Table 1 and figures 2 and 3 indicate that when the network is not saturated and provided that there is sufficient CPU processing power, the capacity of a network decreases as a function of the number of radios. As expected the throughput increases when using larger packet sizes in traffic owing to more efficient use of the transmission medium. It should be emphasized that each additional NIC card has been placed in a monitor (passive) state, and therefore each additional NIC imposes an additional load on the CPU as every frame on the medium is monitored by these additional NICs and hence requires servicing by the CPU. This ultimately leads to a decrease in the throughput performance. This is confirmed by the results in section B below.

B: Throughput statistics under saturation condition at the TX node.
Figure 4
Figure 4: Throughput statistics under saturation condition with a reference to CPU idle% @ 1470 bytes.

Figure 5
Figure 5: Throughput comparison in 2 different modes under saturation @ 1470 bytes.

During this phase of the experiment, the D-ITG tool sets are used to generate large amounts of UDP traffic in order to fully saturate the network and the CPU. The packets are 1400 bytes in size and are created at the rate of 5000 every single second. From the data analysis carried out after the experiments, it is observed that CPU idle% < 1% throughout the tests. Furthermore, Figure 4 shows that the throughput does not vary even when additional NICs are inserted. This result fully confirms the observation made in Section A that the decrease in throughput is primarily due to the finite processing power, i.e. crosstalk does not appear to be a limiting in determining the maximum achievable throughput. Figure 5 shows the throughput comparison when the additional NICs are set to the Monitor mode and the AP mode under saturation conditions.

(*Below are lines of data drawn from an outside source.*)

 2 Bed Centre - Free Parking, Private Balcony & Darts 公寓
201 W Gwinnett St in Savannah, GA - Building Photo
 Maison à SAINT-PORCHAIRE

There is a slight increase in throughput when using the AP mode which is due to the fact that AP mode does not require that much CPU resources when compared to the Monitor mode.

December 2008

Having studied the impact of multiple NICs to the throughput performance at the TX side, a new series of tests have been carried out to investigate the impact at the RX side. The same testbed is used as described in the previous section, see Figure 1 above.

Experimental Approach

Similar procedures are applied at the RX node, but here different operation modes of the NICs are used while the saturated throughput is recorded. This is to examine the impact of the various operation modes on the network performance. Also the TX transmitting power is varied to study its impact on throughput. During each test, link quality is measured and recorded using the Madwifi driver. The D-ITG tool sets are used to generate a saturated network condition and to record throughput for each scenario.

Results and Explanation

Table 1
Table 2: Results recorded at the RX node under different test scenarios.

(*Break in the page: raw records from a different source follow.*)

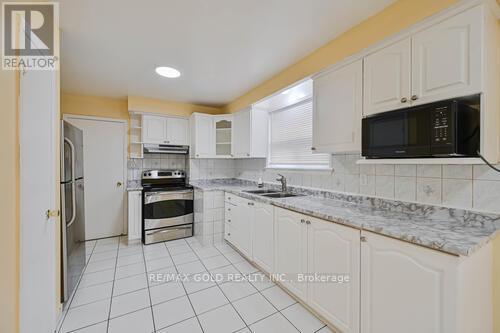 3274 Clara Drive, Mississauga, Ontario  L4T 2C7 - Photo 15 - W12528938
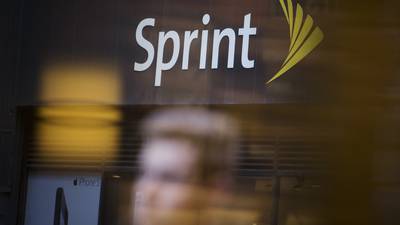 Sprint posts smaller-than-expected subscriber loss on cheaper plans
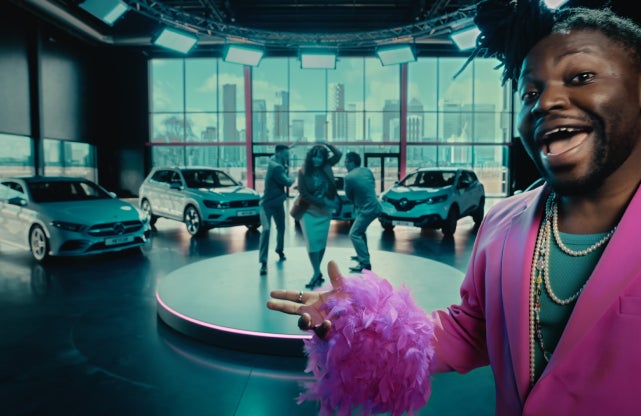 Next, our rapper and Joe head to the dealership and they meet our three stellar dealers, showing Joe the range of quality cars he can choose from. The choice is up to Joe - buy online or through a trusted dealer, either way we’ll make sure he feels good about it.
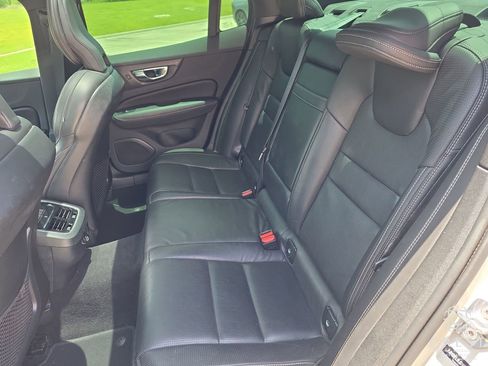 Used 2020 Volvo S60 T5 Inscription FWD image 25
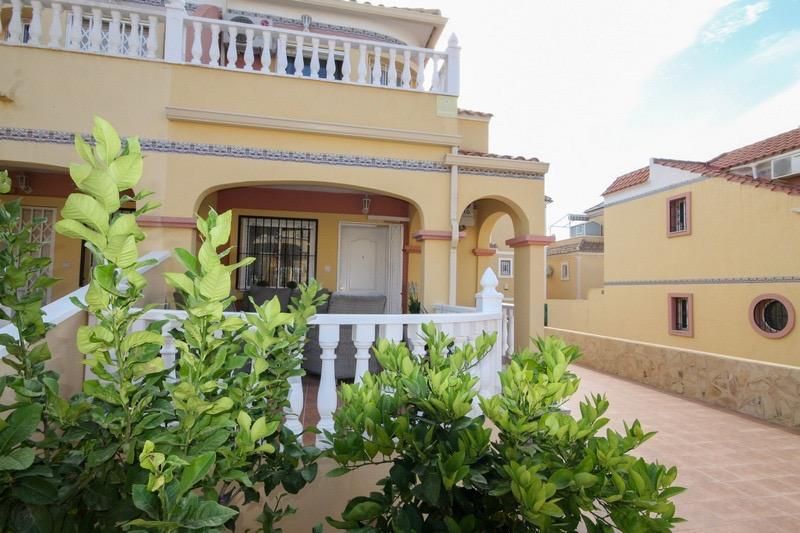 Property photo 3 of 32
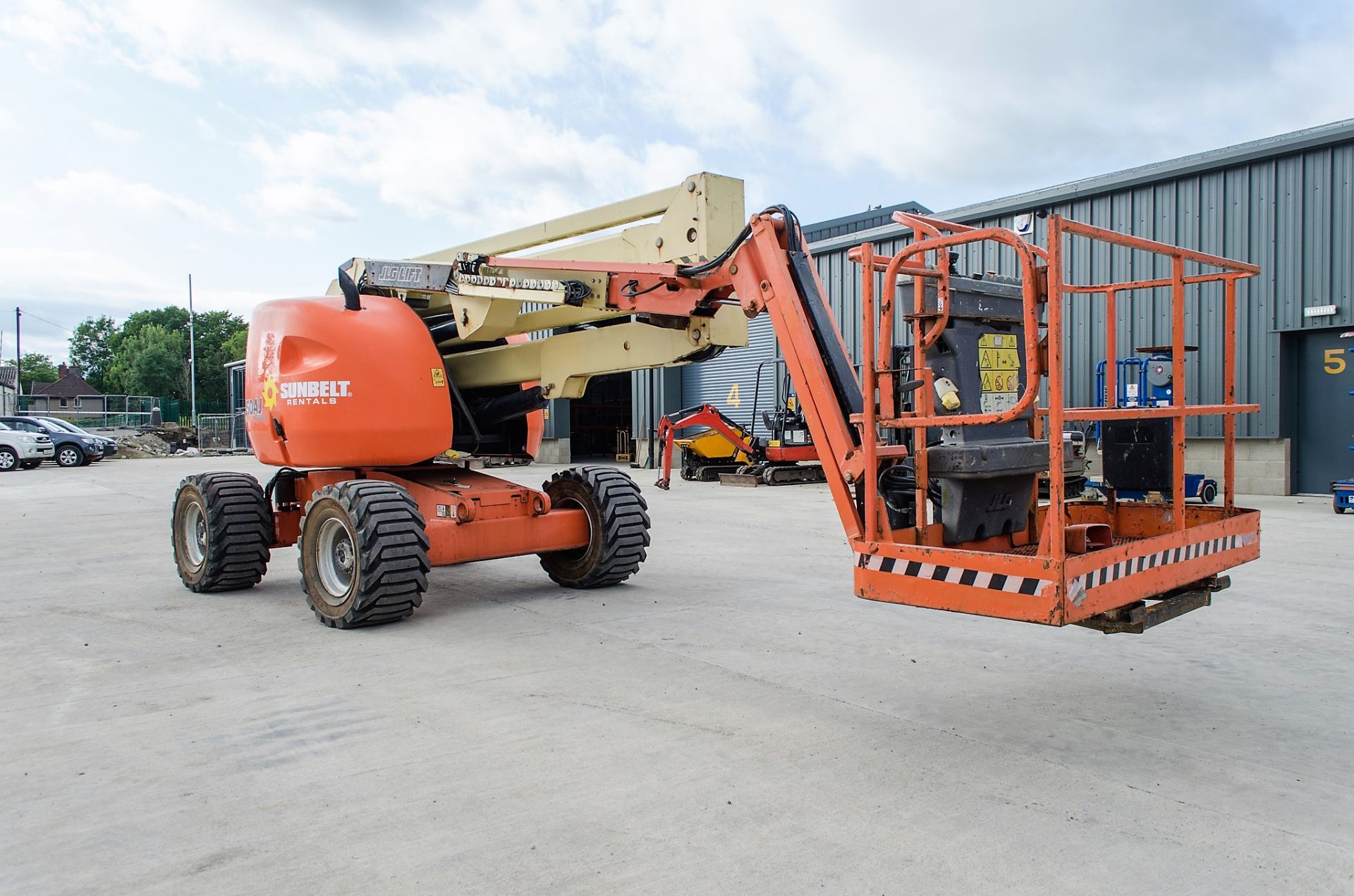 JLG 450AJ Series II 4x4 diesel driven articulated boom access platform Year: 2012 S/N: E300000788 - Image 2 of 16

From Table 2 above, several observations can be made as follows:

  1. Both the signal level and noise level decreases when the number of active NICs at the RX node increases.
  2. When the additional NICs are placed in inactive mode, it can be observed that the signal level increases as well as the link quality plus a slight increase in the throughput.
  3. There is no significant change in the throughput when additional NICs are inserted into the RX node.
  4. There is no major difference in throughput between various operation modes.
  5. A significant decrease in throughput can be observed when the TX transmitting power is set to minimal.
  6. Throughput changes in relation to link quality.